[Stored data]
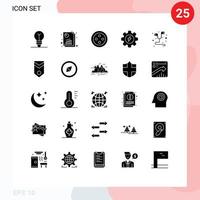 universelle Symbolsymbole Gruppe von 25 modernen soliden Glyphen von Smartphone-Headset-Seo-Bericht handfreie Ausrüstung editierbare Vektordesign-Elemente vektor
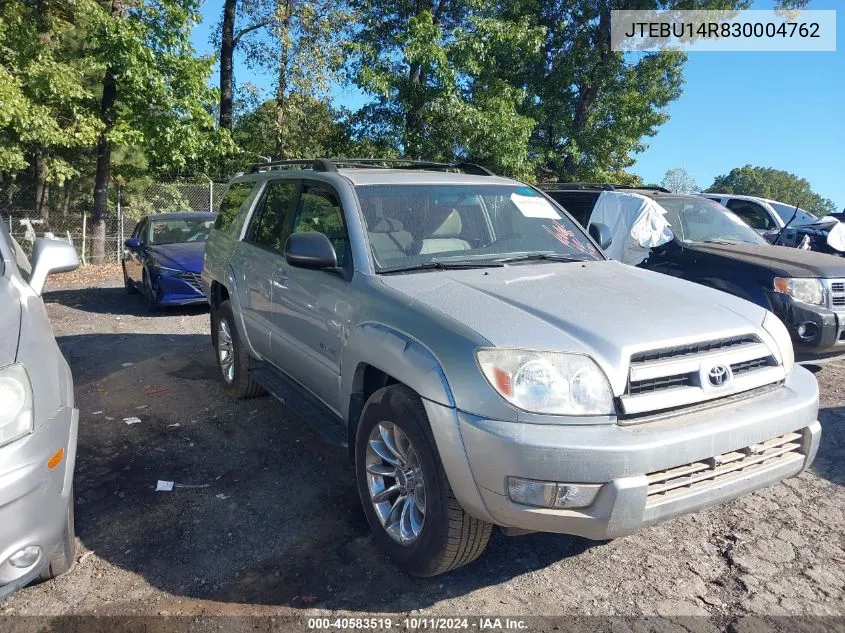 2003 Toyota 4Runner Sr5 V6 VIN: JTEBU14R830004762 Lot: 40583519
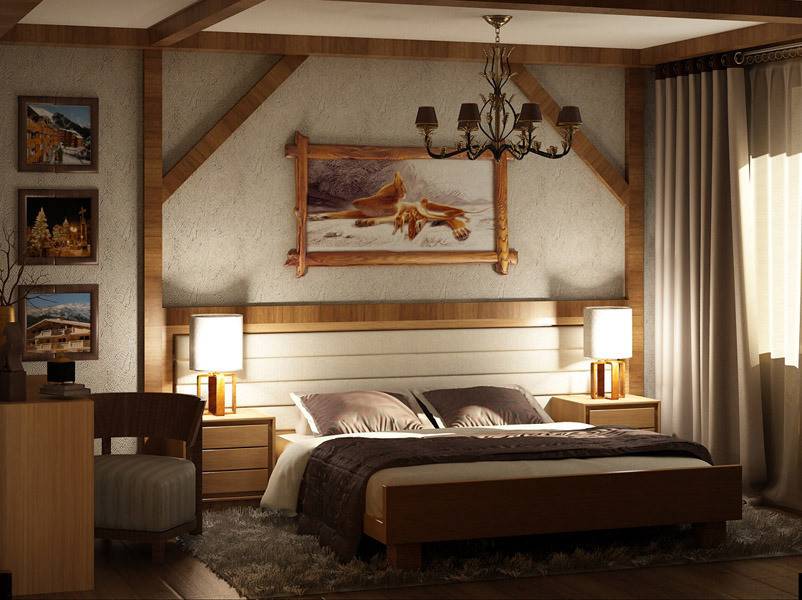 Дизайн спальной комнаты в стиле шале с фото
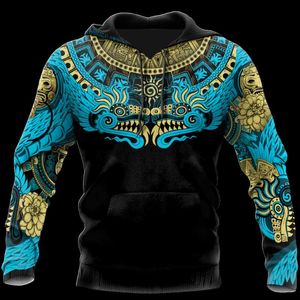 Erkek Hoodies Sweatshirts Meksika Aztek Quetzalcoatl Kafatası Dövme 3D Baskı Unisex Gotik Hoodie Erkekler Sweatshirt Street Giyim Külot Kırmatı J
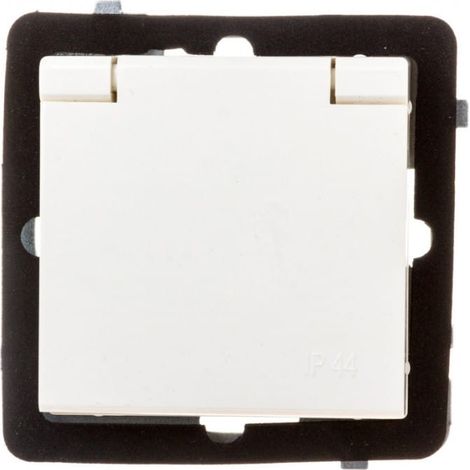 Prise étanche Sonata avec clapet IP44 écru GPH-1RZ/m/27/w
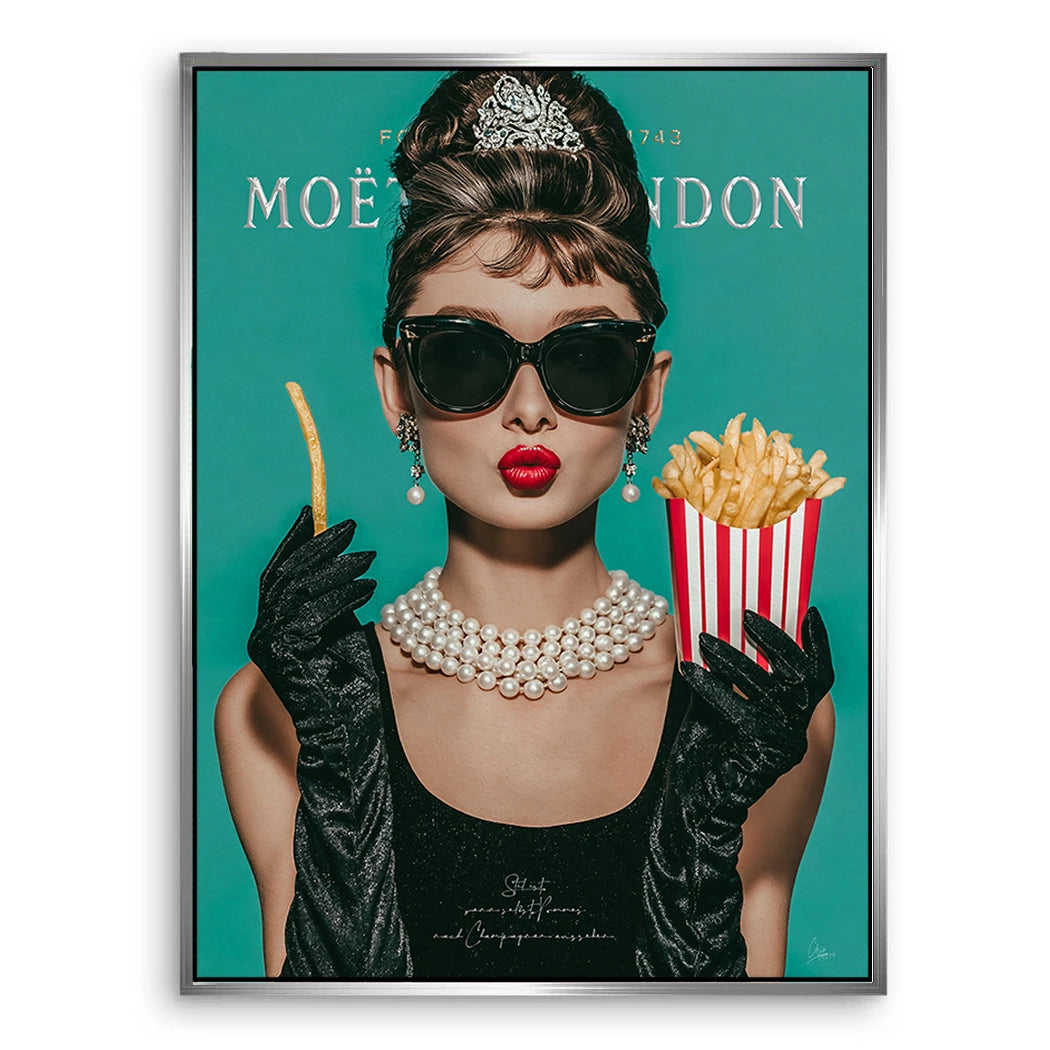 Audrey Hepburn Pommes Leinwand Bild
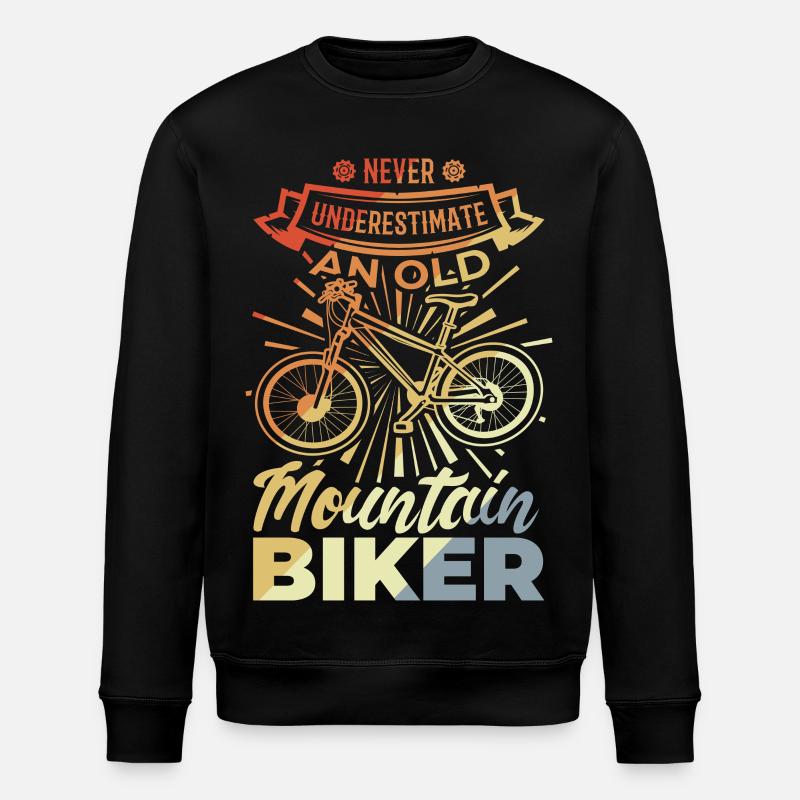 Never Underestimate A Old Mountain Biker - Stanley/Stella Unisex Bio-Sweatshirt ROLLER - Schwarz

[Action item] Line by line, write out the data above exactly, without the pictures.

[Solution for this exercise]
 universelle Symbolsymbole Gruppe von 25 modernen soliden Glyphen von Smartphone-Headset-Seo-Bericht handfreie Ausrüstung editierbare Vektordesign-Elemente vektor
 2003 Toyota 4Runner Sr5 V6 VIN: JTEBU14R830004762 Lot: 40583519
 Дизайн спальной комнаты в стиле шале с фото
 Erkek Hoodies Sweatshirts Meksika Aztek Quetzalcoatl Kafatası Dövme 3D Baskı Unisex Gotik Hoodie Erkekler Sweatshirt Street Giyim Külot Kırmatı J
 Prise étanche Sonata avec clapet IP44 écru GPH-1RZ/m/27/w
 Audrey Hepburn Pommes Leinwand Bild
 Never Underestimate A Old Mountain Biker - Stanley/Stella Unisex Bio-Sweatshirt ROLLER - Schwarz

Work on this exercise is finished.